El conflicto en torno a él se suscita en una primera instancia por sesgos o tendencias personales. El mal crítico, en cuanto al “sometimiento” total de sus valores éticos por valores de poder, será como el mono que se refleja en un espejo.
Quizá no hay críticos absolutamente libres, siempre estarán sujetos a intereses que los tiente y convierta, depende de la situación, en “mercenarios de la pluma”, como leí alguna vez; sin embargo, tengo en mi sentir la conducta de críticos íntegros y de los que no tengo recelo alguno, al contrario, admiración. La idea es que el crítico mantenga su propia libertad.
El oficio se agita en este mundo globalizado con misiones editoriales que cumplir y dejándose manipular para complacer intereses ajenos. Nos vemos, entonces, ante una caída libre ya que la credibilidad del crítico ha ido venciéndose, y mucho peso tiene la reinante era digital en la que “cualquiera se bautiza como crítico literario”.
La desprofesionalización se ha puesto de moda y le tiende una trampa al reconocimiento logrado por grandes pensadores a lo largo de la historia cuya función literaria estaba por encima de intereses comerciales. En los más recientes años, la mercadología globalizada reclama la promoción a costa de dejar al crítico comprometido y en un estado de histeria comprimida pues debe satisfacer intereses a pesar del conflicto. Cierto es que con el uso de la web 2.0 todos, y cada uno, se convierten en críticos literarios ya que las posibilidades para hacerlo, o decir que se hace, están abiertas y han dejado la credibilidad ética del oficio a la deriva.
Sí, un crítico cultural puede tener conflicto de intereses, ya sean personales, económicos o profesionales, que pueden influir en su juicio y objetividad al evaluar. Su imparcialidad puede verse comprometida. Sin embargo, abogo por un tema de consciencia y mientras en ella fluya la estoica confianza y credibilidad que ha generado o quiera generar el crítico con su público, así como para mantener la integridad en su oficio, ésta debe ser transparente. Al crítico le corresponde dejar claro ante quien lo lea la relación que guarde con la obra o con el autor para quien realiza la crítica. Puede incluso considerar abstenerse. Si no fuera el caso y a pesar de su compromiso, siempre deberá imperar uno mayor: la imparcialidad. Por otro lado, coincido con quien asiste a los códigos de ética que definen a la profesión y de esta forma pueda evaluar su postura. Todo lo anterior profundamente vinculado con una función responsable.

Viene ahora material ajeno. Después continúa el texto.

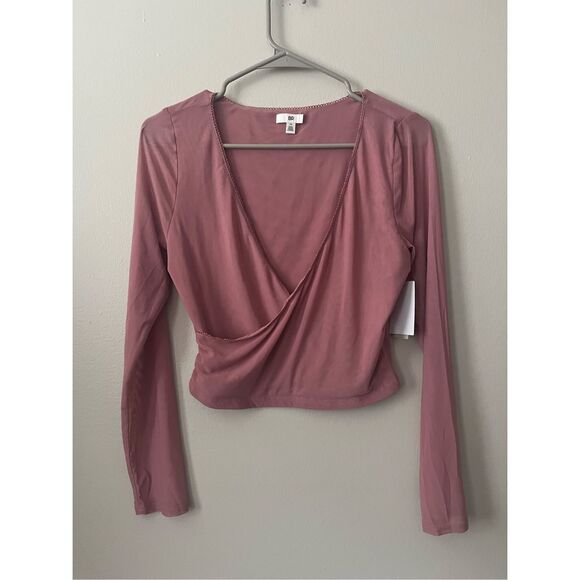 BP from Nordstrom Medium Cropped Long Sleeve Sheer Faux Wrap Blouse NEW - Picture 1 of 6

Es necesario replantearse el oficio, analizar debilidades y fortalezas. El papel del crítico literario es de gran valor. Se debe reinventar en su encargo. Su proceder ético debe regresar a las simientes con un compromiso genuino. De otra manera será el hecatombe de lo que, otra hora, ocupara un lugar privilegiado en el pensar y reflexionar de una sociedad y cuya función es, como una sólida cadena, sujetar al escritor con su lector.
Le atañe al mismo crítico voltear a verse lejos de anegarse dada la constante invasión de su terreno por dichos “mercenarios de la pluma” sin preparación ni convicciones. Debe, en fin, forjar un ambiente en el que converjan futuras generaciones de críticos literarios con un gran compromiso, conocimientos en la literatura universal y, por supuesto, todo ello abrazado por los más recios principios éticos.
Así, como frente al espejo, el crítico será crítico frente a la obra y no el mono que sólo mira y se contempla.